Packing 4 Integers as ONE BYTE?

Asked 14/3, 2011 at 17:53 Answered 17/11, 2023 at 13:18

I have four integers {a, b, c, d} that can have the following range of values:

a - {0 or 1} (1 bit)

b - {0 or 1} (1 bit)

c - {0, 1, 2, ..., 7} (3 bits)

d - {0, 1, 2, ..., 7} (3 bits)

at first, I would like to pack them into a one byte that can be then written to a binary file. later, I would like to unpack that one byte and get from it to a tuple of the form (a, b, c, d).

I know how to read/write a byte to a binary file in python. But how do I do the bits packing/unpacking?

Derickderide answered 14/3, 2011 at 17:53 Comment(1)

If you need to do this a lot, check out construct.wikispaces.com and bitbucket.org/haypo/hachoir/wiki/Home which both pack and unpack according to a declarative format definition. – Bentlee 14/3, 2011 at 18:22

Use shift and bitwise OR, then convert to a character to get a "byte":

x = chr(a | (b << 1) | (c << 2) | (d << 5))

To unpack this byte again, first convert to an integer, then shift and use bitwise AND:

i = ord(x)
a = i & 1
b = (i >> 1) & 1
c = (i >> 2) & 7
d = (i >> 5) & 7

Explanation: Initially, you have

0000000a
0000000b
00000ccc
00000ddd

The left-shifts give you

0000000a
000000b0
000ccc00
ddd00000

The bitwise OR results in

dddcccba

Converting to a character will convert this to a single byte.

Unpacking: The four different right-shifts result in

dddcccba
0dddcccb
00dddccc
00000ddd

Masking (bitwise AND) with 1 (0b00000001) or 7 (0b00000111) results in

0000000a
0000000b
00000ccc
00000ddd

again.

Best answered 14/3, 2011 at 17:56 Comment(8)
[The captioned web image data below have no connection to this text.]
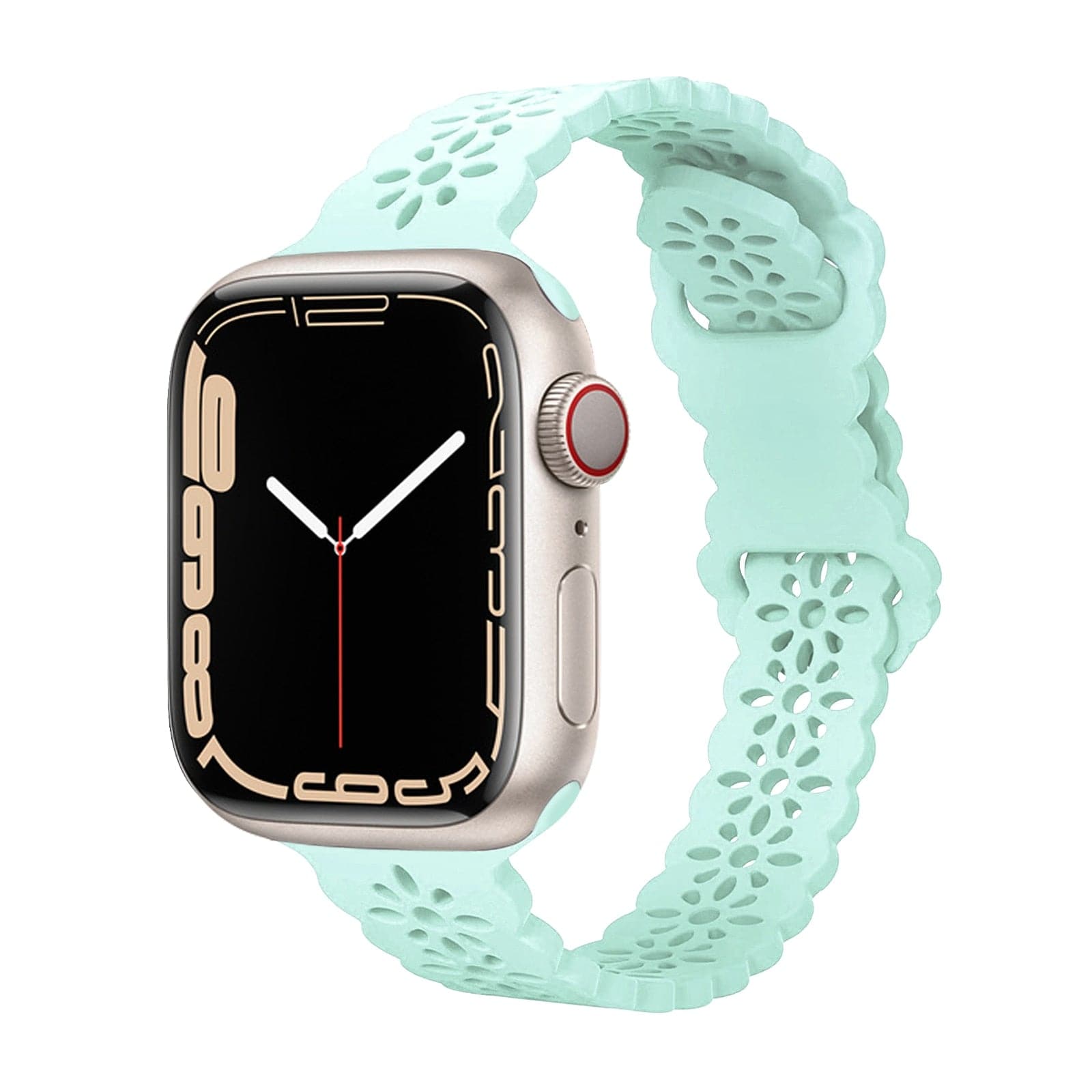 Bracelet apple best sale watch vert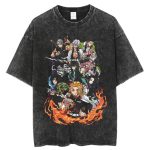T shirt Demon Slayer Piliers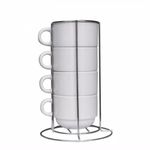 Torre de canecas de cerâmica 150ml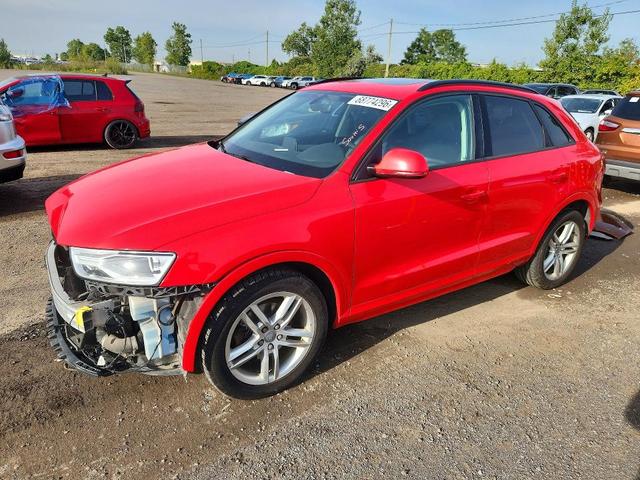 2018 AUDI Q3 PREMIUM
Note that strings are only strings of bytes in Python 2; in Python 3 they're Unicode, so chr(x) will actually give you a 2- or 4-byte word. You'll want to construct an actual bytes object instead of a string. I'm not sure off-hand what the bytes equivalent of chr is, if there is one. – Longford 14/3, 2011 at 18:13

(I think the correct thing to do is generally as sjr does: simply return it as an int, and handle changing it to a single byte at the point you actually use it.) – Longford 14/3, 2011 at 18:14

I also favour ANDing before you do the bit shift in constructing the byte to ensure that the the data is of the expected width. Other wise you can get all sorts of nasty and subtle errors. – Mosley 14/3, 2011 at 19:48

@Glenn: regarding your first comment: Very good point. It would probably be best to use bytearray.append() for the conversion from integer to byte and and item access on a bytearray for the conversion back. This would work in Python 2.6 or newer. – Best 14/3, 2011 at 22:1

@Peter: You may as well just assert your requirements, eg. assert 0 <= a <= 1, a; if that's what you expect to receive, then it's better to throw an error if you get invalid data instead of silently returning something bogus. – Longford 15/3, 2011 at 2:44

@Glen Maynard .. point taken. I suppose its a question of philosophy. In general the stuff I work on has a greater penalty for stopping than producing erroneous data under a specific set of circumstances - so that has coloured my thinking towards not throwing an error. Although "correct data in" is still the better option! – Mosley 16/3, 2011 at 11:44

@GlennMaynard: Using assert for data validation is a bad idea -- if/when somebody runs your program with optimization turned on, the asserts (and your checks) are removed. – Conway 11/11, 2011 at 19:56

@Ethan: Checking for invalid parameters (programming errors) is exactly the sort of thing you want removed by that optimization. If you want a check that's intended to be thrown and caught in production, then you don't want AssertionError anyway; you probably want ValueError. – Longford 13/11, 2011 at 23:30

def encode(a, b, c, d):
  return a | b << 1 | c << 2 | d << 5

def decode(x):
  return x & 1, (x >> 1) & 1, (x >> 2) & 7, (x >> 5) & 7

Matless answered 14/3, 2011 at 18:2 Comment(2)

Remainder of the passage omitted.